17.2. The Optim.jl Package#

While building our own gradient descent and Newton methods is great for learning, practical applications require professional, optimized tools. In Julia, the Optim.jl package provides several high-performance optimizers.

It saves us from having to manually implement:

  • Robust line searches (e.g., Wolfe conditions)

  • Hessian approximations (quasi-Newton methods)

  • Trust-region methods

  • Stopping criteria (convergence checks)

We can simply provide our objective function f and, optionally, our gradient g and Hessian h. Optim.jl will then select an appropriate powerful algorithm to find the minimum.

using Optim, Plots

# First include all functions from the previous section
using NBInclude
@nbinclude("Gradient_Based_Optimization.ipynb");
Path 1: Length=501, ||gradient|| = 1.4715843307921153
Path 2: Length=67, ||gradient|| = 8.918594790414185e-5
Path 3: Length=501, ||gradient|| = 1.7575802156689104
Path 1: Length=47, ||gradient|| = 7.870693265014514e-5
Path 2: Length=19, ||gradient|| = 2.707659519760321e-5
Path 3: Length=34, ||gradient|| = 6.996634619625889e-5
Path 1: Length=47, ||gradient|| = 7.870696143799702e-5
Path 2: Length=19, ||gradient|| = 2.7076774319819133e-5
Path 3: Length=34, ||gradient|| = 6.996618451764213e-5
Path 1: Length=5, ||gradient|| = 2.4554302167287822e-6
Path 2: Length=4, ||gradient|| = 1.2227294235742997e-5
Path 3: Length=6, ||gradient|| = 1.75484871960624e-8

17.2.1. Method 1: Derivative-Free Optimization#

In the simplest case, we can provide only the function f and a starting point x0.

Optim.jl will automatically select a 0-th order (derivative-free) method, like Nelder-Mead. This is a great option when your function’s gradient is unknown, complex, or undefined.

# Our starting point
x0 = [0.0, 1.0]

# Call optimize with only the function and start point
result_nm = optimize(f, x0)

# The output shows it found a minimum using the Nelder-Mead algorithm.
 * Status: success

 * Candidate solution
    Final objective value:     -2.072854e-01

 * Found with
    Algorithm:     Nelder-Mead

 * Convergence measures
    √(Σ(yᵢ-ȳ)²)/n ≤ 1.0e-08

 * Work counters
    Seconds run:   0  (vs limit Inf)
    Iterations:    34
    f(x) calls:    66

17.2.2. Method 2: First-Order (Gradient) Optimization#

If we provide the gradient, Optim.jl can use a much more powerful 1st-order method. It will automatically select L-BFGS, a famous quasi-Newton method. This is like our gradient descent, but it cleverly builds an approximation of the Hessian using only gradient information, making it converge much faster.
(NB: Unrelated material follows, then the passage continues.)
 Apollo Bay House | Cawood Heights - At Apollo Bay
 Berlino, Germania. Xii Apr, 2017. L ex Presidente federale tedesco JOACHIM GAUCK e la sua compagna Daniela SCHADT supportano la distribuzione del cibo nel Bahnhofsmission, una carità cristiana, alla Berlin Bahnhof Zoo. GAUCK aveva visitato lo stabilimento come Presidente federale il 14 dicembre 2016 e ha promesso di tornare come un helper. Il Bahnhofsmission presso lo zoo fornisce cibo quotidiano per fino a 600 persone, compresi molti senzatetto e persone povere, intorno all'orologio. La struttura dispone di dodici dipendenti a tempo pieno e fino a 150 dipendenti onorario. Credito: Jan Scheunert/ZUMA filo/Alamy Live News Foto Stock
# Define our gradient function (using our numerical version)
g(x) = finite_difference_gradient(f, x)

# Call optimize with f, g, and x0
result_lbfgs = optimize(f, g, x0; inplace=false)

# The output shows it used L-BFGS and took far fewer iterations than Nelder-Mead.
 * Status: success

 * Candidate solution
    Final objective value:     -1.000000e+00

 * Found with
    Algorithm:     L-BFGS

 * Convergence measures
    |x - x'|               = 4.31e-06 ≰ 0.0e+00
    |x - x'|/|x'|          = 8.04e-07 ≰ 0.0e+00
    |f(x) - f(x')|         = 1.36e-11 ≰ 0.0e+00
    |f(x) - f(x')|/|f(x')| = 1.36e-11 ≰ 0.0e+00
    |g(x)|                 = 6.88e-10 ≤ 1.0e-08

 * Work counters
    Seconds run:   0  (vs limit Inf)
    Iterations:    7
    f(x) calls:    20
    ∇f(x) calls:   20

17.2.3. Method 3: Second-Order (Hessian) Optimization#

If we can provide the Hessian, Optim.jl will use a full 2nd-order method, like NewtonTrustRegion. This is a robust version of the Newton’s method we built. It uses the full curvature information (the Hessian) to take very direct, fast steps to the minimum.

# Define our Hessian function (using our numerical version)
h(x) = finite_difference_hessian(f, x)

# Call optimize with f, g, h, and x0
result_newton = optimize(f, g, h, x0; inplace=false)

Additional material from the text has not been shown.